» **INFORMATION SUPPLIED**
+ + + +
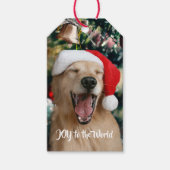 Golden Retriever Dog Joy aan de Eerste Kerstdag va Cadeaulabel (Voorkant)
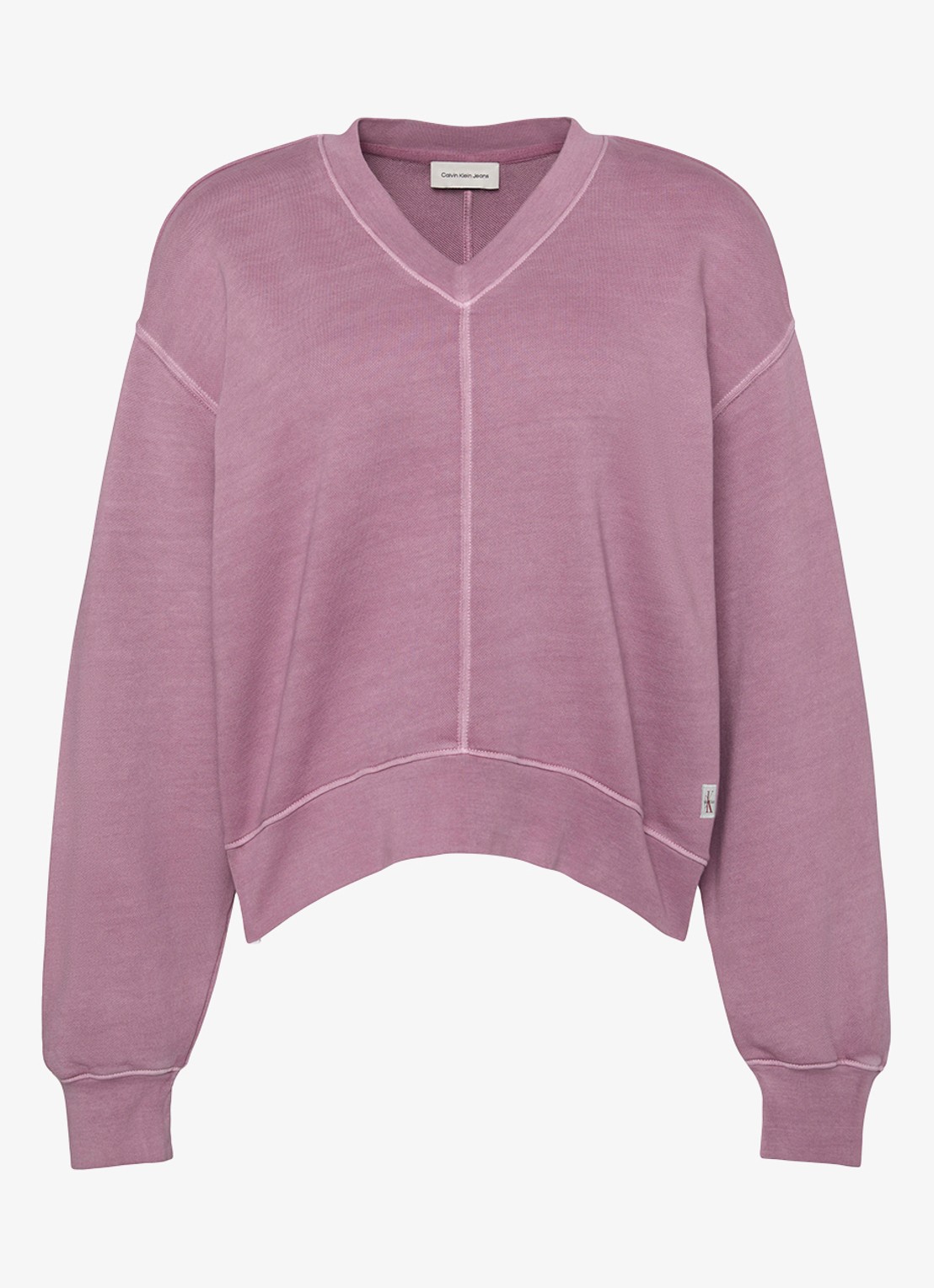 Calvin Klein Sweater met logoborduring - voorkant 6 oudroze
+ + + +
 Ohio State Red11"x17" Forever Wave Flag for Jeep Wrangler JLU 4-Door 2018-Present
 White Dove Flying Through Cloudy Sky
+ + + +
» **ACTIVITY**
With the pictures left out, write out exactly the lines above from the one containing "Golden Retriever Dog" through the one containing "Calvin Klein Sweater".

» **WRITTEN SOLUTION**
 Golden Retriever Dog Joy aan de Eerste Kerstdag va Cadeaulabel (Voorkant)
 Calvin Klein Sweater met logoborduring - voorkant 6 oudroze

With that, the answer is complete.